Joining new PVE server to an existing cluster

Boss

Member
Apr 22, 2024
34
0
11
Hi, I've created a new PVE server and went to join it to an existing cluster (4 nodes) using Node-1.
It appears to have joined the cluster successfully, however the existing Node-1 that I used to join it to, shows that the new node is unknown (Icons are Question Marks )

I've run the web manager on all the other nodes and they show it as connected.
Any tips on what I need to check to make the new node show as available on Node-1?
Thanks.... Fred
 
Hi,
It's a normal behaviour for several minutes. After the cluster elections and few minutes the cluster should become green. Please double check and if it's still in unknown state please check if the network setup is consistent. Do all the nodes have proper ip config in the corosync subnet?
 
Thanks for your prompt response - it was still showing unknown after a couple of hours on that first Node but OK on all the other nodes. So it seemed something specific to that first node.
Just thinking it through further, the new node has the hostname of an old PVE server (different IP address) that was removed from the cluster some time ago, maybe there was something left behind when it was removed?

Not sure what you mean by "corosync subnet"? All the nodes in the cluster are on the same subnet.

I might remove the new node from the cluster and ensure that there is no reference to that node on the other nodes and then try joining it again.
 
Please check /etc/hosts file on all of the servers. And also check /root/.ssh on the node1 - it might contain entries for the old removed node. What I mean is that node1 has ssh key of the removed node in known_hosts or authorized keys. The format of the file is ip then the ssh key. Please verify nothing left there.
 
Thanks - I will double check that as well. One of the first things I did was ssh as root from the new server to all the ones in the cluster. It then announced that the auth keys were wrong and offered to delete them.
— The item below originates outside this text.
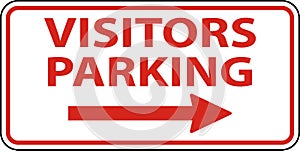Visitors Parking Right Arrow Sign On White Background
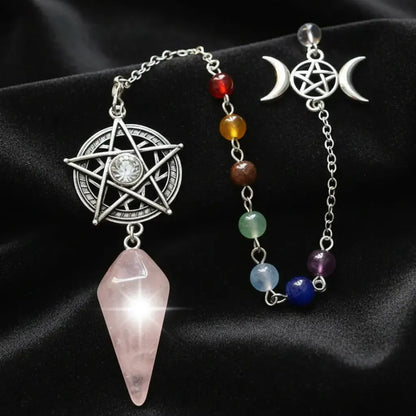 Pentacle Crystal Pendulum for Divination Natural Stone Pendant-MoonChildWorld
This appeared to work as I then got a login prompt to the remote server. Conversely I ran a ssh as root from each of the existing servers to the new node. Because it worked, I assumed that the old entries had been deleted. Haven't checked the hosts file so will do this as well. Thanks for help - much appreciated!.
 
I ran a "ssh-copy-id -f root@PVE-host" from the new PVE server to all the existing servers and then from them to the new server in an effort to clean up any existing entries.
I still have the same issue that one server in the cluster shows the new one as unknown. I also managed to migrate a VM from an existing node to the new one. So there is something still not right with that server. I checked the hosts file and no entries pointing to the new server exist.